Однако в эту минуту Элизабет не беспокоило, насколько обнажает ее грудь глубокий V-образный вырез лифа, или что ее левая нога видна до колена в соблазнительном разрезе. Во-первых, она знала, что ее скроет одеяло; во-вторых, сейчас, когда впервые за этот день она оказалась в одиночестве, ей было намного труднее не думать о мучительных словах, которые сказал мистер Уордсворт.

Отчаянно стараясь думать о другом, Элизабет раздраженно изменила позу и сосредоточила мысли на брачной ночи. Глядя на свои руки, сложенные на коленях, она наклонила голову, чтобы Берте было удобнее справляться с ее длинными прядями, а сама думала о том объяснении, которое дала Люсинда тому, как зачинают детей. Так как Ян подчеркивал, что хочет детей, то вполне вероятно, он пожелает начать сегодня, и если так, то согласно словам Люсинды, они очевидно разделят ложе.

Она нахмурилась, раздумывая над объяснением Люсинды, по мнению Элизабет, оно было довольно бессмысленно. Ей было известно, как другие существа на земле создают своих детей, с другой стороны, она понимала, что невозможно, чтобы люди вели себя таким ужасным образом. Но все же, поцелуй супруга в постели? Если это было бы так, почему же она слышала время от времени скандальные сплетни о какой-то замужней светской даме, чей ребенок, как подозревали, не был ребенком ее мужа. Очевидно, существовал еще способ делать детей, или сведения Люсинды были неверны.

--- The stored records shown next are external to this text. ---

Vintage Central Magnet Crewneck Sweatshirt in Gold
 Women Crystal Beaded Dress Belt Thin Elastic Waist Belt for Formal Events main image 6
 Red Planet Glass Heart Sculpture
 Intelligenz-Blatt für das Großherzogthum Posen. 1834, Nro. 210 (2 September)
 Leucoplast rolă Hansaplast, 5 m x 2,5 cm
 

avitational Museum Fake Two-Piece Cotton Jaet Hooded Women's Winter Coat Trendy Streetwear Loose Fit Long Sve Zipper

Это привело ее к мыслям о том, как они будут спать. Ее спальня соединялась с его, и она не представляла себе, пожелает ли он лечь с ней в постель, и чья постель это будет: ее или его. Как бы в ответ на невысказанный вопрос, дверь, соединяющая спальню со спальней Яна, открылась, и Берта испуганно вздрогнула; затем злобно посмотрела на Яна, которого, как и еще некоторые слуги Элизабет, продолжала бояться и считать виноватым, и поспешно вышла, закрыв за собой дверь.

Однако Элизабет почувствовала только восхищение и слегка улыбнулась, глядя, как он идет к ней большими легкими шагами, которые всегда казались ей и уверенными, и неторопливыми. На нем все еще были вечерние черные панталоны, в которых Ян был на балу, но он снял камзол, жилет и шейный платок, и белая с рюшами рубашка, распахнутая на шее, открывала сильную смуглую шею. Ян выглядит, подумала Элизабет, в рубашке таким же сурово-мужественным и элегантным, как и в вечернем платье. Здесь обвинения Уордсворта предательски проскользнули в ее сознании, но Элизабет отшвырнула их прочь.